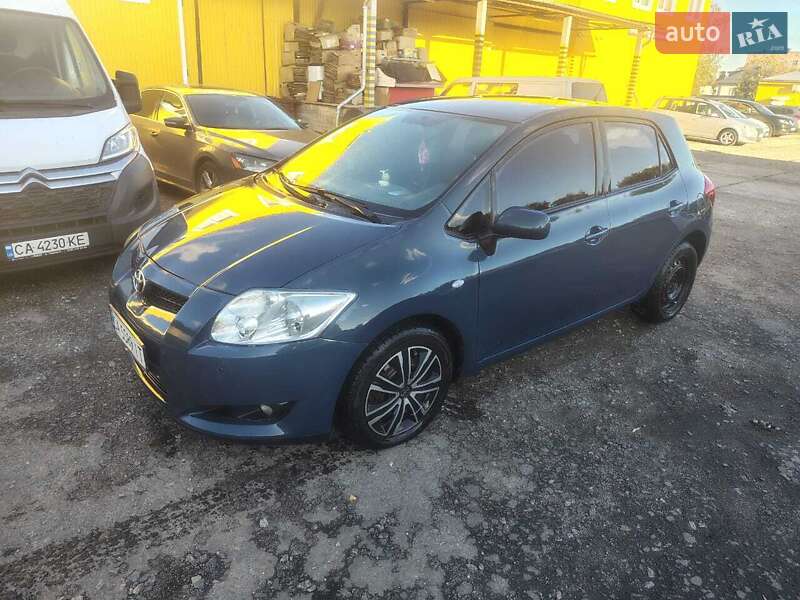Хетчбек Toyota Auris 2008 в Черкасах фото 2 Хетчбек Toyota Auris 2008 в Черкасах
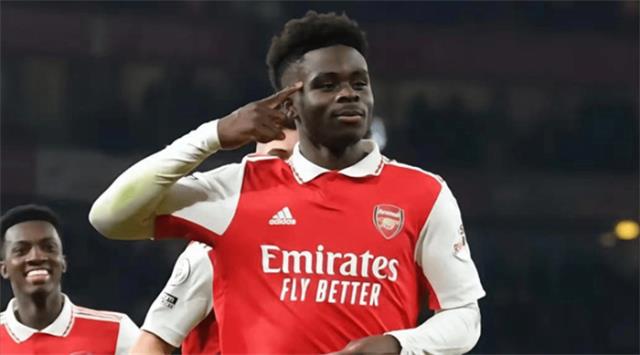 阿森纳主场大胜伯恩茅斯，重返联赛榜首，特罗萨德发挥出图1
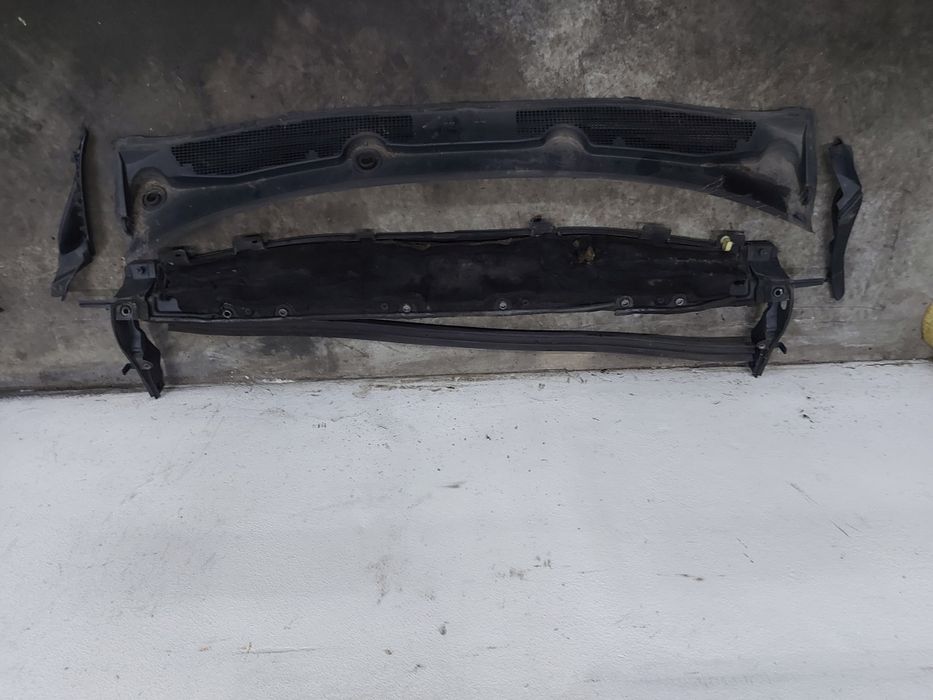 /Megane III 3 podszybie komplet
========================================================================
▶ _What needs to be done_
What you produce must match the listing word for word, with no images in it.

▶ _Final answer_
Хетчбек Toyota Auris 2008 в Черкасах фото 2 Хетчбек Toyota Auris 2008 в Черкасах
 阿森纳主场大胜伯恩茅斯，重返联赛榜首，特罗萨德发挥出图1
 /Megane III 3 podszybie komplet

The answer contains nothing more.